La crisis política e institucional en torno al Jefe de Gabinete de la Nación, Manuel Adorni, sumó un capítulo de altísima tensión que expuso severas e inesperadas contradicciones en la cúpula de La Libertad Avanza (LLA). A los pocos minutos de que la titular de la bancada oficialista en el Senado, Patricia Bullrich, asegurara públicamente que el funcionario no asistiría a la Cámara Alta el próximo 2 de julio, el propio Adorni la desautorizó de forma tajante y ratificó su total predisposición para presentarse ante los legisladores.
El cruce público entre Bullrich y el Jefe de Gabinete
Tras una jornada de frenéticas negociaciones parlamentarias orientadas a desactivar la embestida opositora, la senadora nacional se había referido al pedido de interpelación por presunto enriquecimiento ilícito y lavado de activos que pesa sobre el vocero: "El kirchnerismo ha presentado un pedido de interpelación y, al no tener dictamen, se necesitan los dos tercios de los votos" explicó, llevando tranquilidad al Gobierno al confirmar que la oposición no reunía ese número.
Sin embargo, al ser consultada sobre si Adorni cumpliría con su informe constitucional de gestión pautado para la semana entrante, Bullrich sorprendió al revelar: "En principio hemos decidido que no venga porque no tiene demasiado sentido. No se han recibido preguntas por escrito, así que esta es la idea. Lo hablé ayer tanto con Karina (Milei) como con la gente de Jefatura de Gabinete".
La respuesta del aludido no se hizo esperar y expuso la falta de sintonía fina en el bloque.

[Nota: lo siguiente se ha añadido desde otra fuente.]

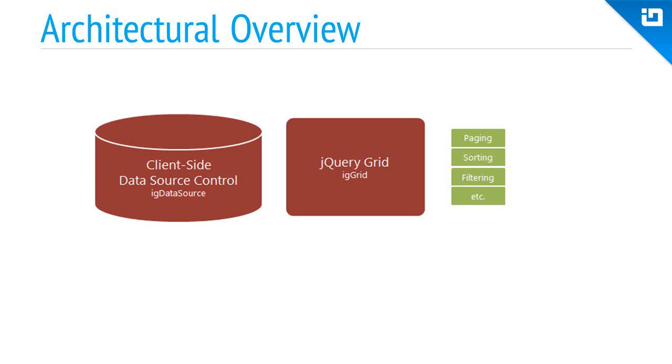The nice thing about each of these features is that they exist in a modular fashion. In other words, if you don't tell the grid to use paging, then none of the process for paging is ever executed in the data source, and none of the paging UI elements are ever added to the grid. This keeps the grid performing lean.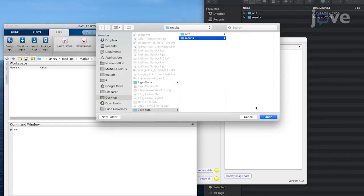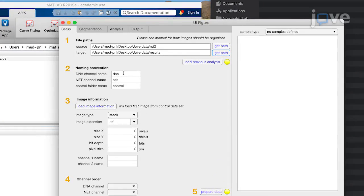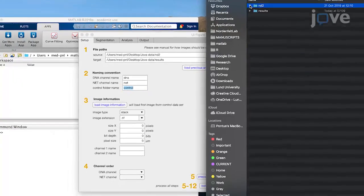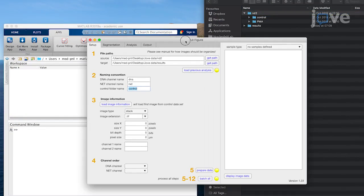When using separate channel images, name the channel folders so that the DNA channel corresponds with the nuclear DNA stain and the NET channel depicts the neutrophil elastase stain in the images. Also, name the folder containing the control image files as Control.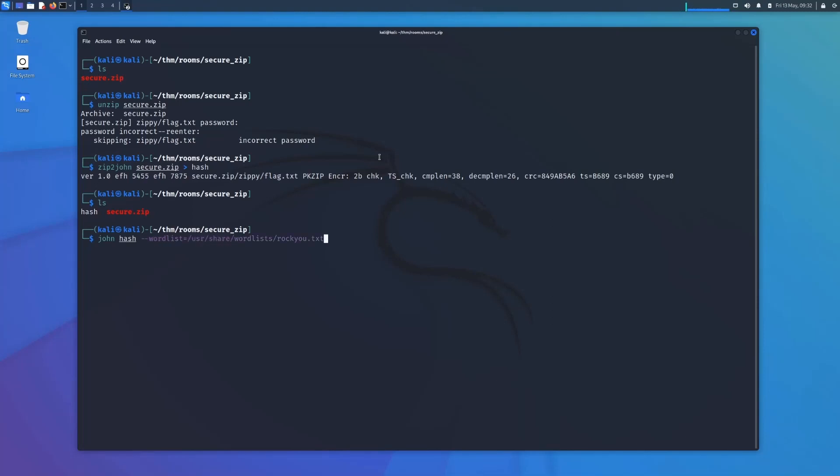And what John's going to do is hash every word in rockyou and compare it to the hash that we've just provided. As soon as it finds a match, that's your password. Go ahead and press enter.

A través de su cuenta oficial en la plataforma X (ex Twitter), el Jefe de Gabinete tomó una evidente distancia de la senadora y sentenció: "Estoy a disposición para presentarme el día 2 de julio próximo al Honorable Senado de la Nación para brindar el informe de gestión como marca la Constitución Nacional. Fin". Ni el desarrollo del Mundial 2026 ha logrado apaciguar el escándalo patrimonial del funcionario, cuyas declaraciones juradas siguen bajo la estricta lupa de la Justicia Federal y del Congreso.
Estrategia y fracaso del quórum en la Cámara de Diputados
En paralelo al frente abierto en el Senado, el oficialismo logró anotarse un importante triunfo político en la Cámara de Diputados, donde consiguió hacer fracasar la sesión especial convocada por la oposición para forzar la interpelación y avanzar hacia una moción de censura contra Adorni.

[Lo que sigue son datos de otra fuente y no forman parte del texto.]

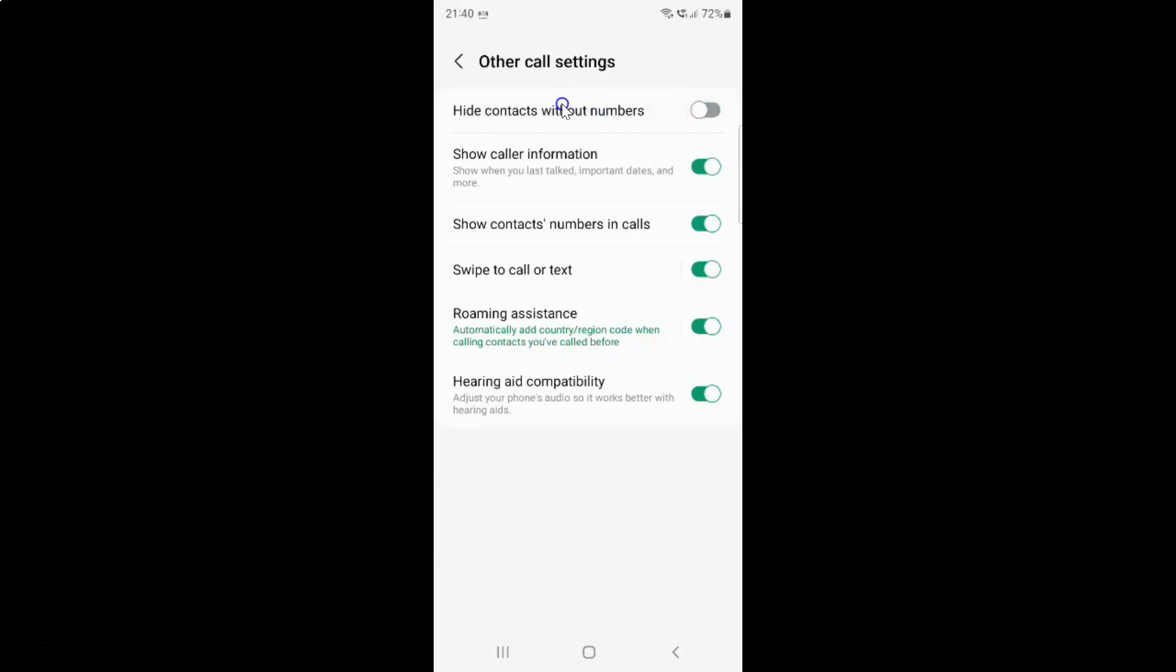Just select the option that you want. I want to enable hide contacts without numbers, so let me enable this toggle button. You can see it's now enabled.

A las 14:31 horas, al vencerse los plazos reglamentarios de tolerancia, el presidente de la Cámara Baja, Martín Menem, dio por caída la actividad. En las bancas del recinto se contabilizaron apenas 117 diputados, doce menos de los 129 requeridos para habilitar formalmente el debate legislativo.
La desactivación de la sesión se consolidó luego de que la conducción de LLA acordara con las bancadas aliadas abrir formalmente el próximo 30 de junio la comisión de Asuntos Constitucionales, comprometiéndose a analizar allí los seis expedientes vinculados a las finanzas del ministro. Con esta maniobra, el oficialismo evitó que la oposición pudiera emplazar a las comisiones, fijar plazos acelerados y retener el control político de los tiempos parlamentarios.
Ausencias clave y duros reproches en minoría
En las sillas de los presentes se ubicaron la estructura casi total de Unión por la Patria, los cuatro legisladores del Frente de Izquierda, representantes de la Coalición Cívica, un sector de Provincias Unidas, y figuras individuales como Miguel Ángel Pichetto, Marcela Pagano y la radical Karina Banfi. En contraste, el vacío reglamentario estuvo garantizado por la ausencia en bloque de los diputados del PRO, la UCR, el MID e Innovación Federal, sumado al faltazo de los legisladores santafesinos que responden de forma directa al gobernador Maximiliano Pullaro.
Tras la caída de la convocatoria, los bloques opositores hicieron uso de las expresiones en minoría para lanzar durísimos dardos contra los sectores "dialoguistas" ausentes. El diputado de izquierda, Nicolás del Caño, acusó a dichos bloques de "proteger corporativamente" al funcionario, mientras que el santafesino Germán Martínez (UP) lamentó la falta de coherencia de los espacios que "cuestionan a Adorni en los canales de televisión pero se esconden a la hora de dar la cara en el recinto", advirtiendo que estas actitudes dañan severamente la credibilidad del Congreso ante la sociedad. Finalmente, el radical Pablo Juliano apuntó directamente contra sus correligionarios ausentes y denunció una clara maniobra de encubrimiento político por parte de la Casa Rosada.